## Exercise instructions
Pictures stay out of the copy, which must hold exactly the lines from the one containing "Car Image - rCaJJ6GTmym3gfVvIQGIc" through the end of the material below.

## The data
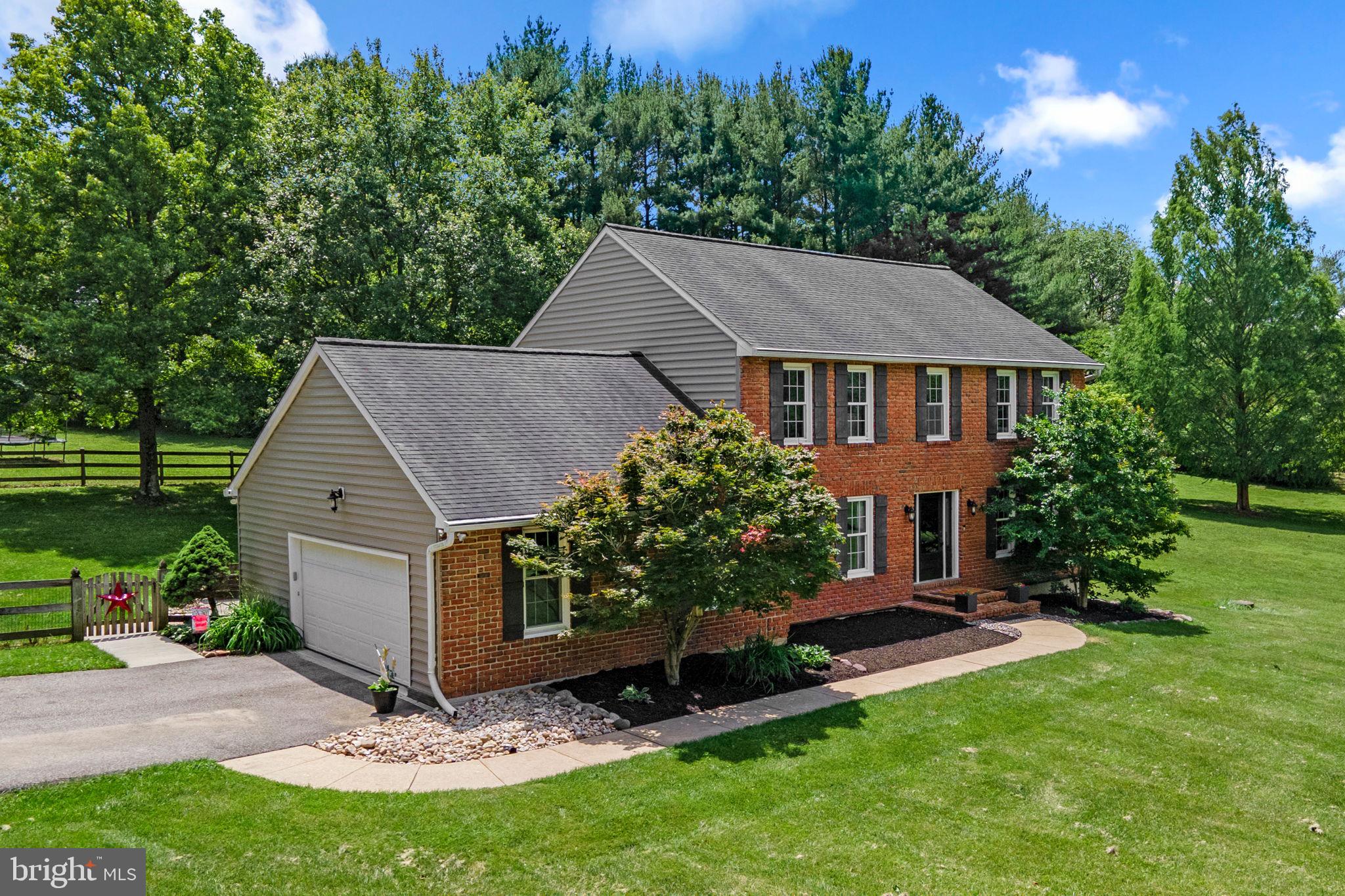 WEST FRIENDSHIP - Residential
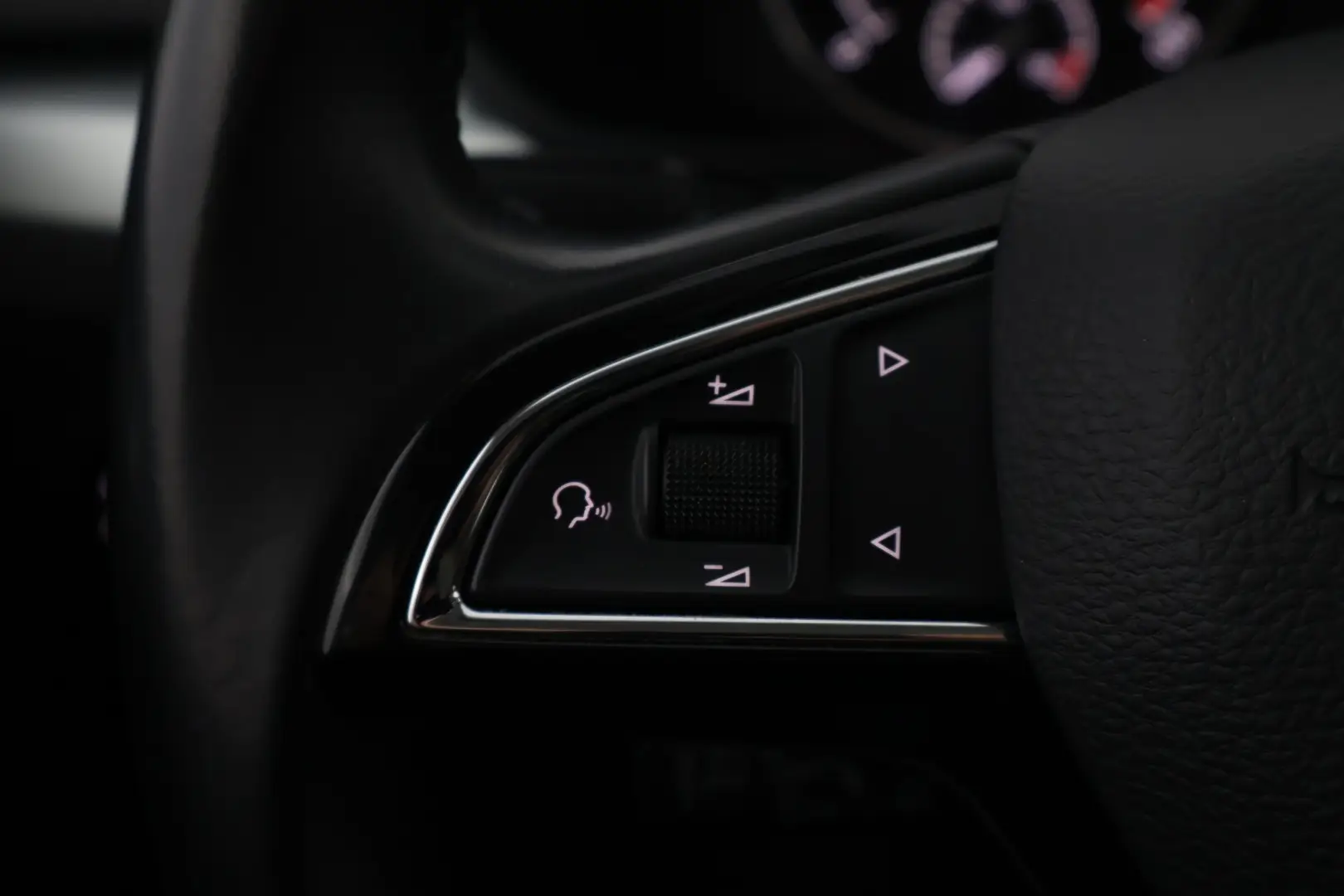 Car Image - rCaJJ6GTmym3gfVvIQGIc
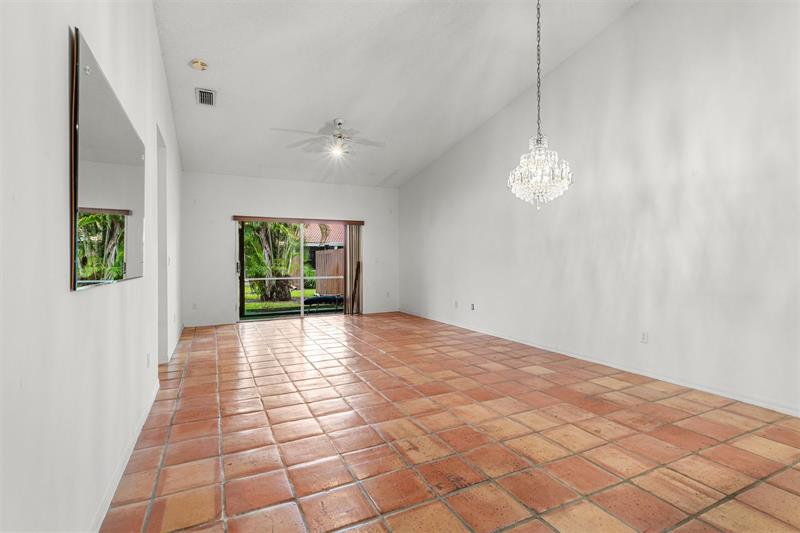 Image 6 of 21 For 9830 Malvern Dr  9830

## Output of the exercise
 Car Image - rCaJJ6GTmym3gfVvIQGIc
 Image 6 of 21 For 9830 Malvern Dr  9830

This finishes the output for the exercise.